The Aztec calendar is complicated and out of the scope of this article to explain it in its entirety. However, it is important to realize there were two calendars that were used simultaneously. The solar calendar was to keep track of the 365 day year; it was used to insure the timing of planting and harvesting crops. The other calendar was for religious purposes including the best days to consult the gods. The religious calendar was not based upon 365 days, but rather 260 days. The same day for each calendar only fell at one time every 52 years. That was a very important date to the Aztecs; the day the gods would decide to renew or not the world, for the next cycle. It just so happened that the Spanish Conquest occurred during the year ending the 52-year cycle.
The Aztec religion was full of gloom and doom as it were. They lived with such fear that they offered blood sacrifices to the Sun god in hopes that he would assure the rising of the sun each day. One of Montezuma’s contemporaries told him that his fortune-tellers had predicted that strangers would one day rule Mexico. At the time, Montezuma did not believe him.

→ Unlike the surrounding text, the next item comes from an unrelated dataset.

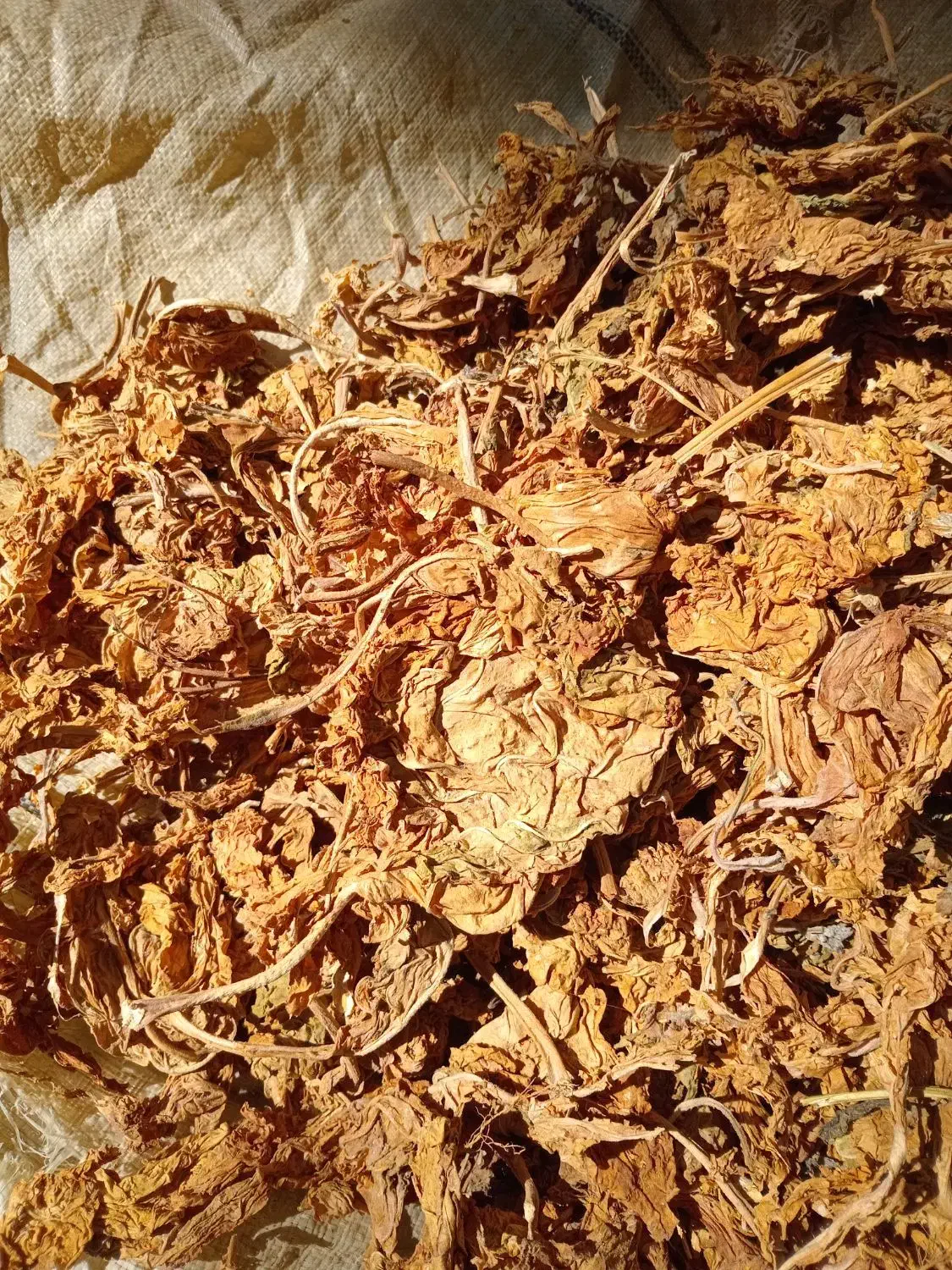 زغال( برگ تنبا کو سرخ)|عمدهفروشی|برازجان, |دیوار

Around 1509 CE a series of mystical events occurred foreshadowing the end of the Aztec Empire with the arrival of the Spanish. There were eight. The first omen was a great light that appeared as a “bleeding wound” in the eastern sky. The people of Tenochtitlan ran in the streets panicking and wailing expecting the end of the world. The second was fire that destroyed the two towers on top of the pyramid of Huitzilopochtli, their sun god. The wood in the temple seemed to burst into flames for no apparent reason. No matter how much water was used they could not put out the fire until the towers were completely burned down. The third omen happened soon after the second. The temple of their fire god was struck by thunder-less lighting that seemed to come from the sun. The fourth, a very bad omen, terrified the people; it was a mid-day comet with 3 heads that blocked out the light of the sun as it passed across the sky. The fifth was a sudden boiling up of the waters of Lake Texcoco, raising the level of the lake and causing the collapse of many of the city’s buildings. The sixth event was from Llorona, a woman’s voice heard by the people, crying in the night, “O my children, you are lost; where shall I hide you.” It was believed to be the goddess Mother Cihuacoatl, wailing for her human children. This dark omen terrorized the people and profoundly affected Montezuma. The seventh omen, found in a fisherman’s net, was a gray ash-colored bird that had a magical mirror atop its head. The fisherman brought the bird to Montezuma as he looked into the mirror and saw the star constellation of Taurus; a powerful sign in the Aztec’s astrology. He looked again and saw an open field with a huge hoard of people coming toward Mexico. When he asked his priests they said they saw nothing. The eighth and final omen was the news that monsters, men with two heads, had arrived in Tenochtitlan. Before any of the monsters could be captured they disappeared.
Montezuma II had been murdered by the end of the 52-year cycle; so began the demise of the Aztec Empire.